Cómo se relaciona con A4, A6 y el resto de la serie
Si trabajas en impresión, la comparación más útil es con A4. Dos páginas A5 colocadas una junto a otra ocupan exactamente un A4, sin sobras ni recortes extra. Eso simplifica mucho la maquetación de folletos plegados, cuadernillos y materiales que se imprimen en pliegos grandes para después cortar o doblar.
| Formato | Medidas | Qué aporta |
|---|---|---|
| A4 | 210 × 297 mm | Más espacio para texto, fichas y dos A5 por hoja |
| A5 | 148 × 210 mm | Buen equilibrio entre lectura y portabilidad |
| A6 | 105 × 148 mm | Muy compacto para tarjetas, postales y mini piezas |
La diferencia con A6 también importa. A5 sigue siendo cómodo para leer durante más tiempo, mientras que A6 ya entra en una categoría claramente más pequeña, pensada para piezas breves o muy visuales. Si tuviera que resumirlo de forma directa, diría que A5 es el punto intermedio más útil cuando A4 parece demasiado grande y A6, demasiado apretado.

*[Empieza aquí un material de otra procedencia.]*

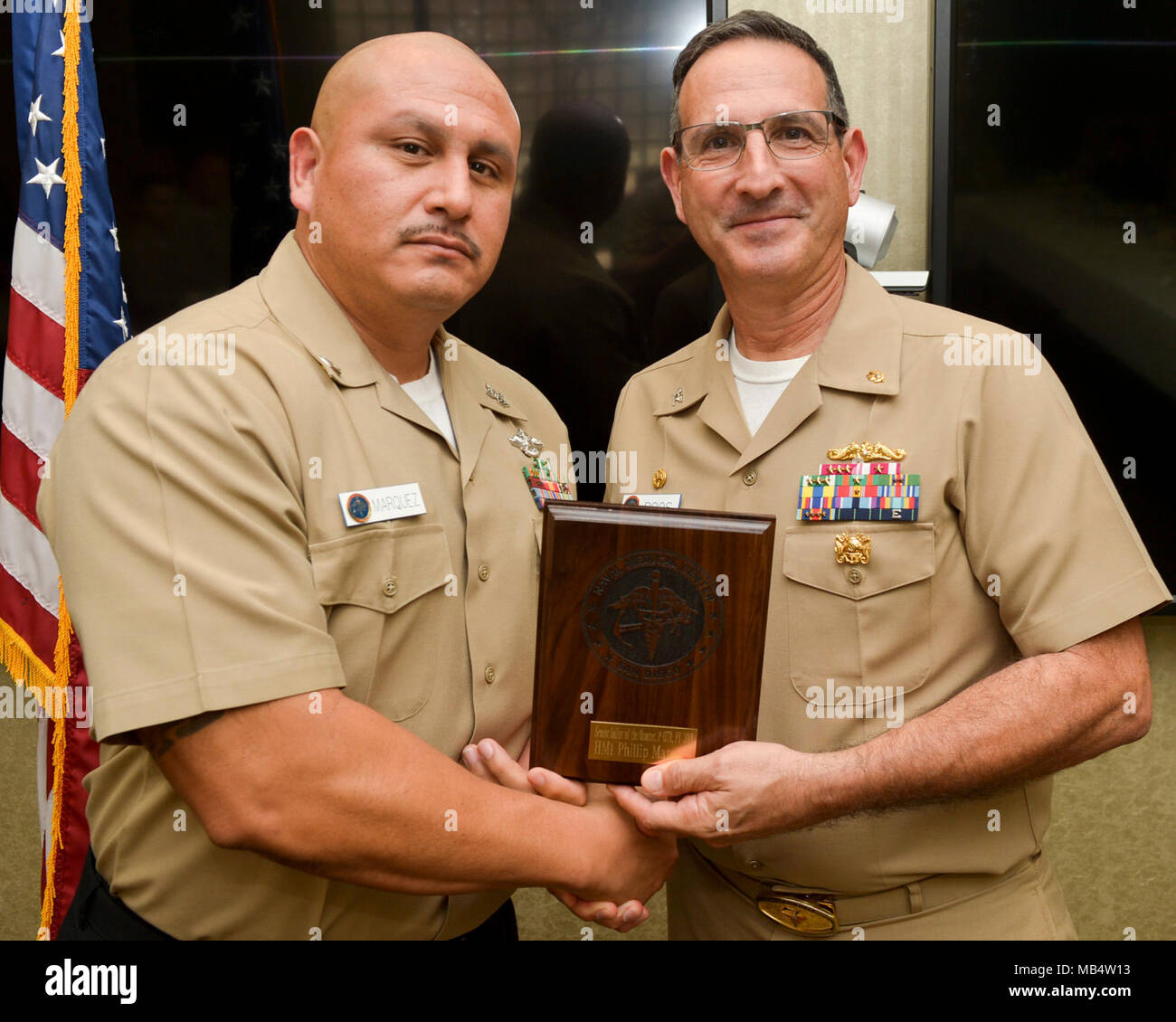SAN DIEGO (Feb. 16, 2018) CAPT. Joel Roos, Naval Medical Center San Diego Commanding Officer,  presents Hospital Corpsman 1st Class Phillip Marquez with the Senior Sailor of the Quarter award. Hospital Corpsman 1st Class Marquez received the award for his exceptional work and devotion to duty. Stock Photo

Esta escala también ayuda en proyectos fotográficos y editoriales: A5 permite mini catálogos, cuadernos de trabajo o programas de exposición con una presencia más cuidada que un simple folleto. Y justo ahí aparece el siguiente criterio: no basta con saber cuánto mide, hay que decidir para qué sirve mejor.
En qué trabajos de impresión encaja mejor
En España, el A5 se usa muchísimo cuando se busca una pieza física que se lea sin esfuerzo y que, al mismo tiempo, no ocupe tanto como un A4. Yo lo considero especialmente sólido para trabajos donde la experiencia táctil importa casi tanto como el contenido.
- Cuadernos y libretas: el tamaño es cómodo para tomar notas, bosquejar ideas o hacer un diario de trabajo.
- Programas de mano: en exposiciones, conciertos o eventos, el A5 se lee deprisa y se guarda fácil.
- Catálogos pequeños y lookbooks: funcionan bien cuando el objetivo es mostrar imagen sin disparar costes ni volumen.
- Invitaciones y tarjetas editoriales: dan más aire visual que un formato pequeño y resultan más serias que un volante estándar.
- Material fotográfico: portfolios compactos, series impresas o cuadernos de autor ganan presencia sin volverse incómodos.
Hay un matiz importante: A5 no es solo una cuestión de tamaño, sino de intención. Si el proyecto quiere invitar a la lectura lenta, al repaso de imágenes o a una consulta breve pero cuidada, encaja muy bien. Si necesita impacto masivo o mucha información tabulada, quizá convenga subir a A4. Esa decisión se nota luego en el archivo, así que merece la pena prepararlo con cuidado.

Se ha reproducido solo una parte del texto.